**Task statement**
Retype the data that follows exactly. No pictures belong in the copy.

**Data extract**
#####

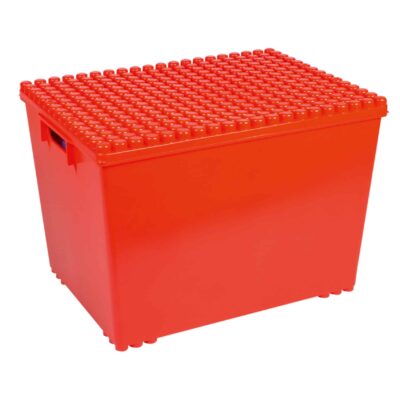 Multibox L mit Deckel - 2 Stück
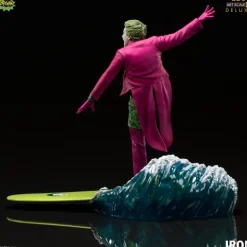 The Joker - Batman 66 - BDS Art Scale 1/10 - Iron Studios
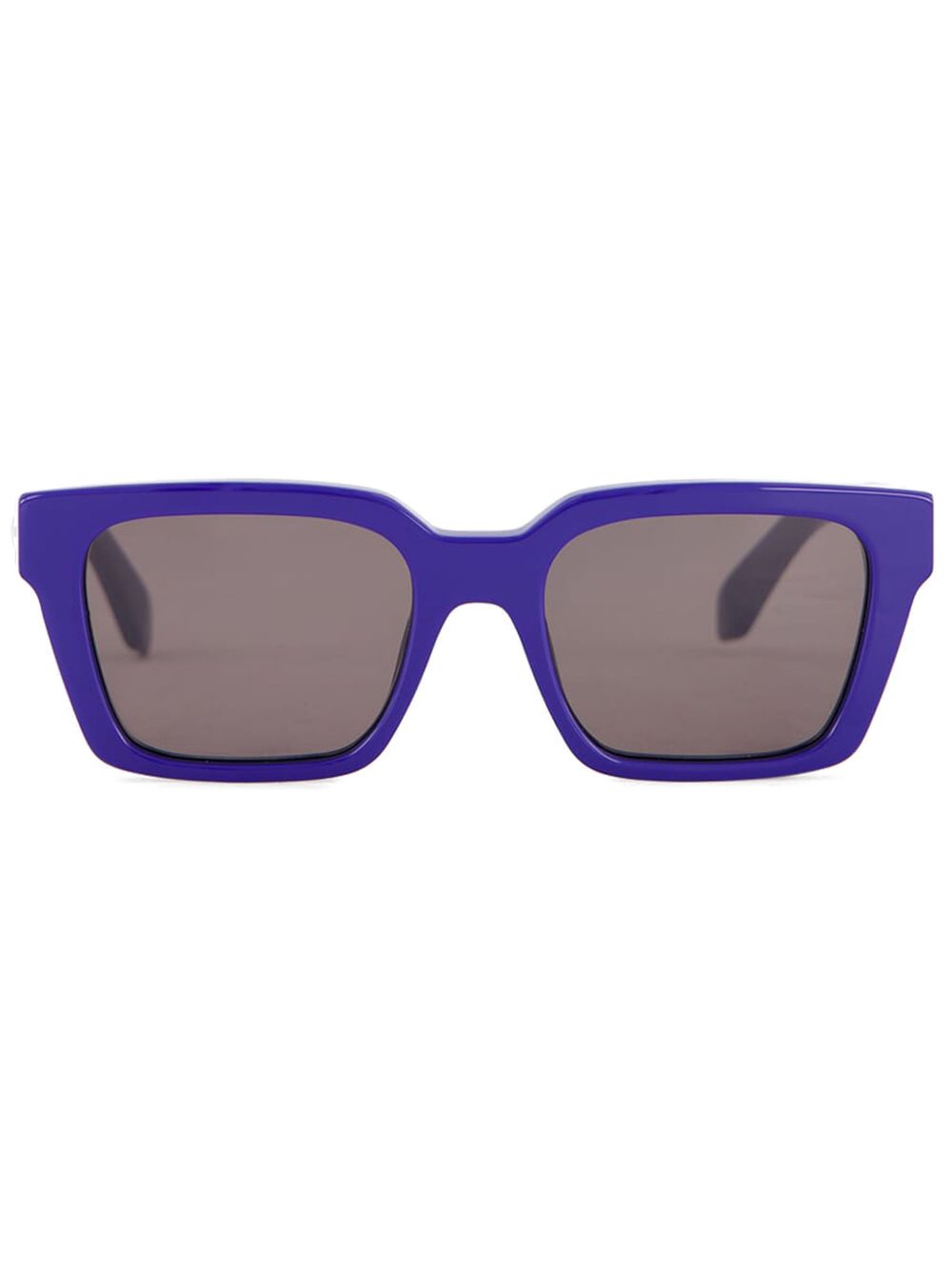 Off-White Eyewear Branson 方框太阳眼镜 - 蓝色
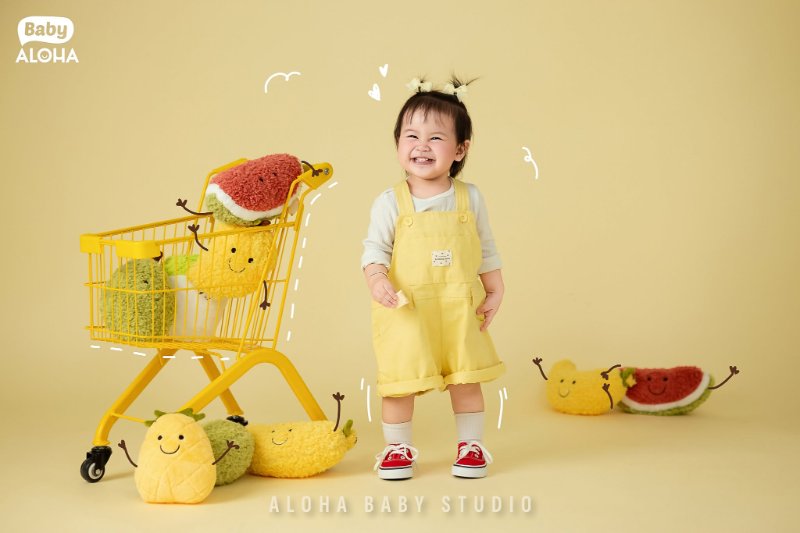Gợi ý tạo dáng khi chụp ảnh cho bé gái 2 tuổi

#####

**Written answer**
 Multibox L mit Deckel - 2 Stück
 The Joker - Batman 66 - BDS Art Scale 1/10 - Iron Studios
 Off-White Eyewear Branson 方框太阳眼镜 - 蓝色
Gợi ý tạo dáng khi chụp ảnh cho bé gái 2 tuổi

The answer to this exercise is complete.